Data supplied –
-=-=-=-=-
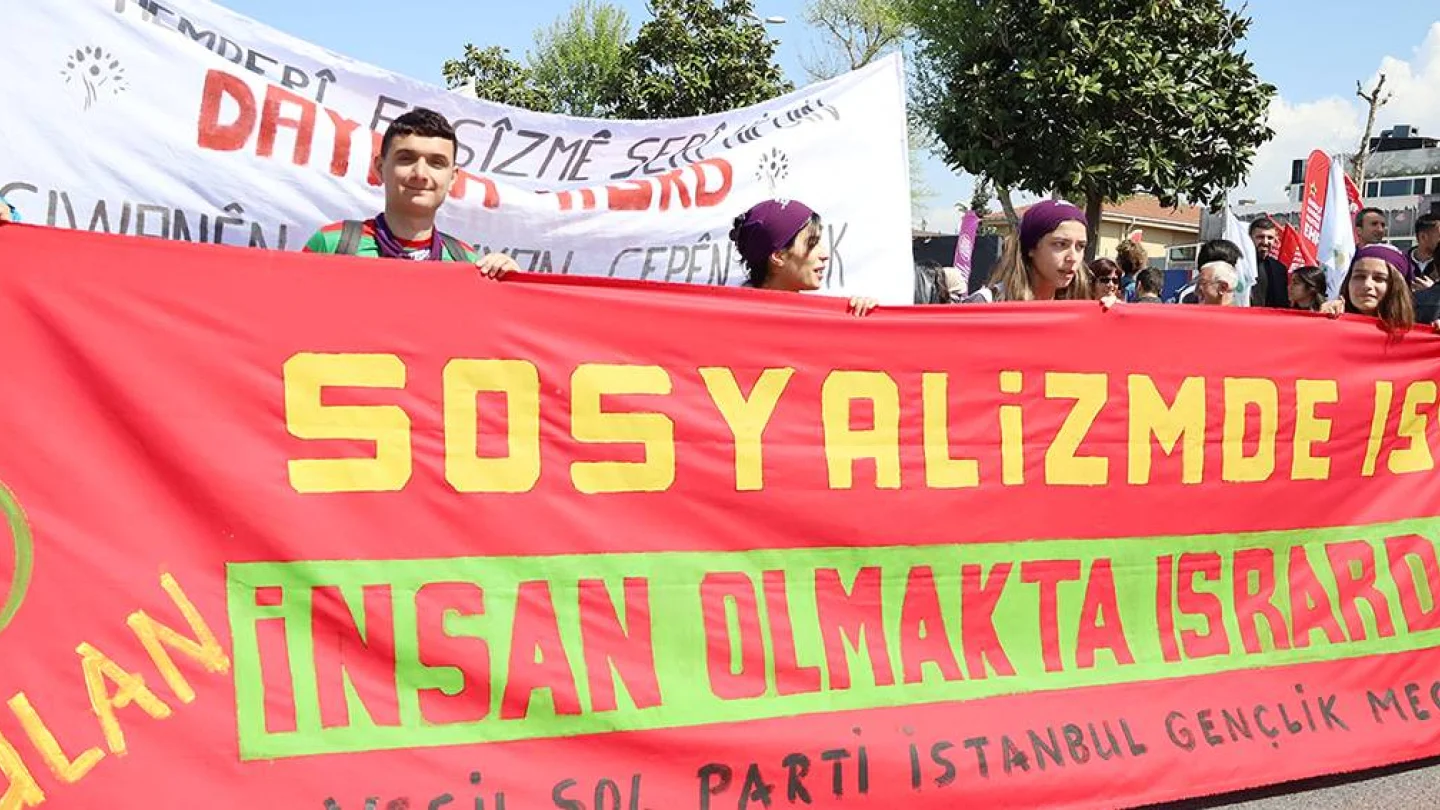 Sosyalizmde ısrar insan olmakta ısrardır
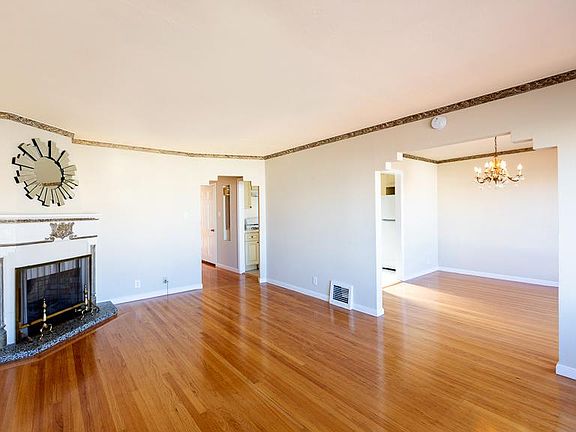 4th image of 2206 33rd Ave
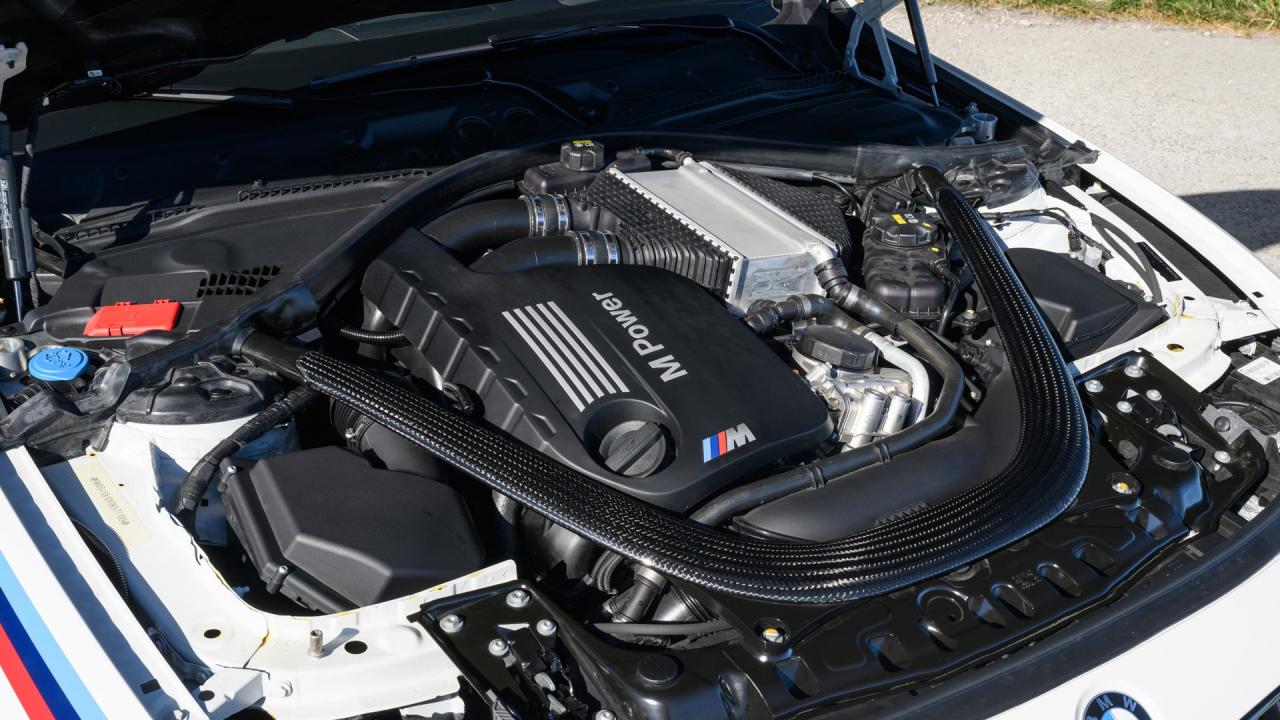 2017 BMW M4 DTM Champion Edition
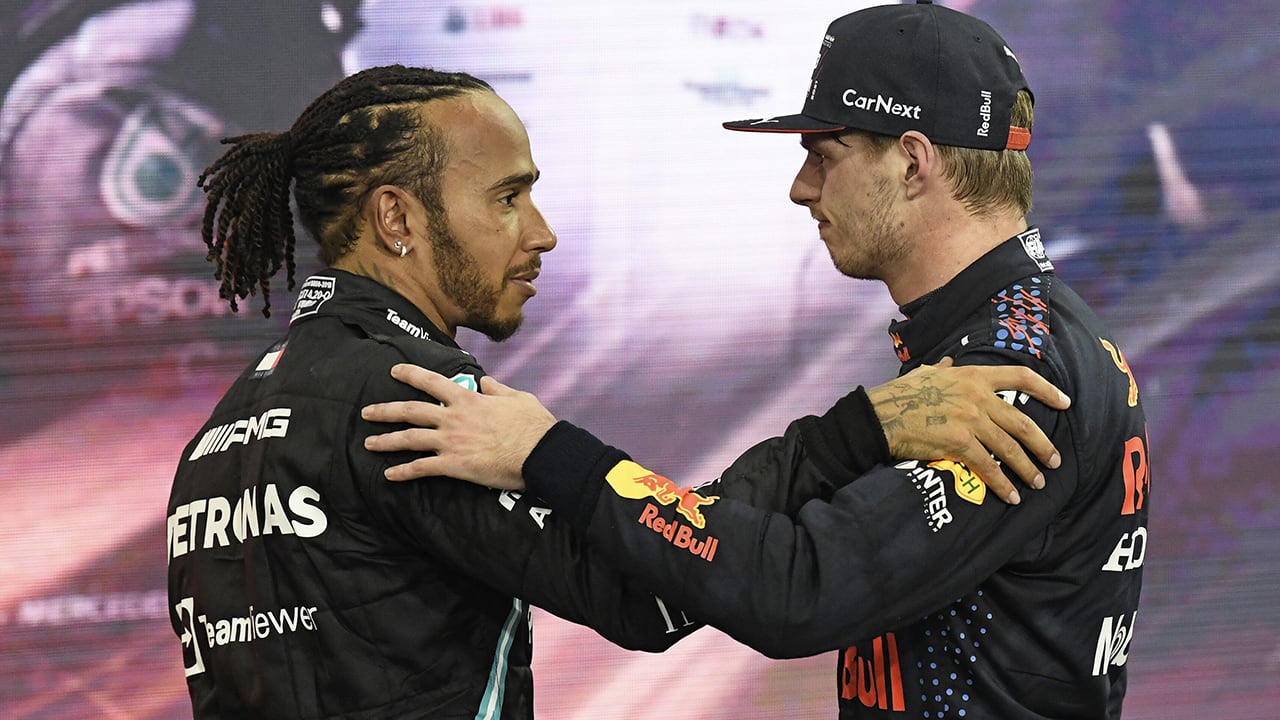 'Hamilton gaat met flinke achterstand op Verstappen nieuwe seizoen in'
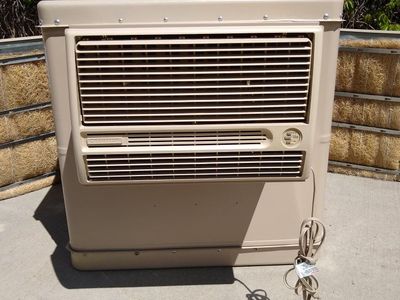NEW LIKE WINDOW MOUNT SWAMP COOLER. MODEL RWC35 / RN35W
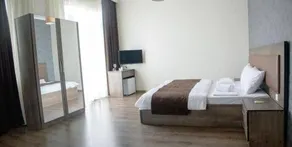 Green Hotel - Image 3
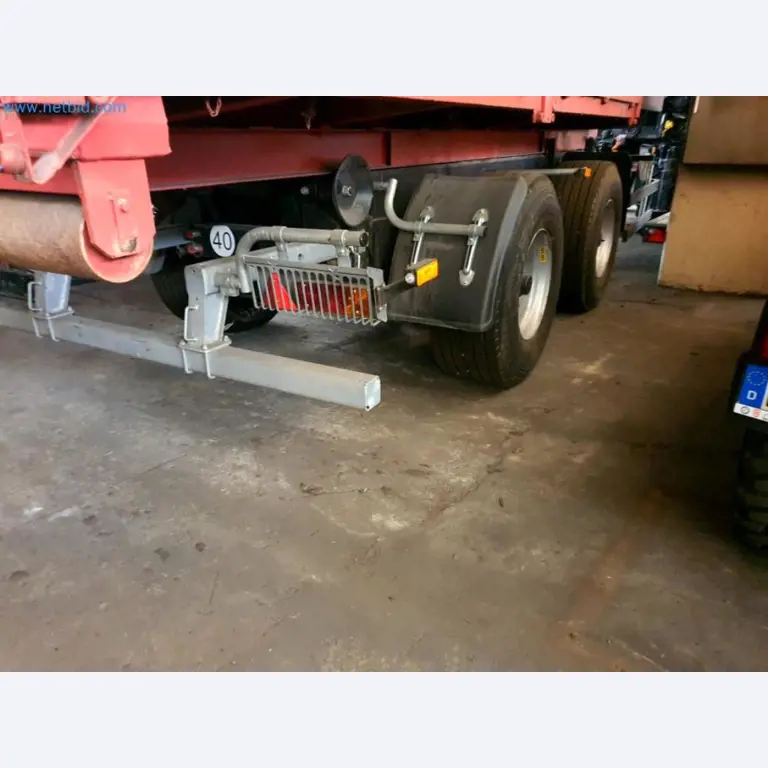 Liquidación de almacén de una empresa de servicios, vehículos, equipos de almacén-17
-=-=-=-=-
Problem description –
Reproduce the lines from the line with "4th image of 2206 33rd Ave" through the last line of the entries exactly, including both ends and excluding pictures.

Exercise response –
 4th image of 2206 33rd Ave
 2017 BMW M4 DTM Champion Edition
 'Hamilton gaat met flinke achterstand op Verstappen nieuwe seizoen in'
NEW LIKE WINDOW MOUNT SWAMP COOLER. MODEL RWC35 / RN35W
 Green Hotel - Image 3
 Liquidación de almacén de una empresa de servicios, vehículos, equipos de almacén-17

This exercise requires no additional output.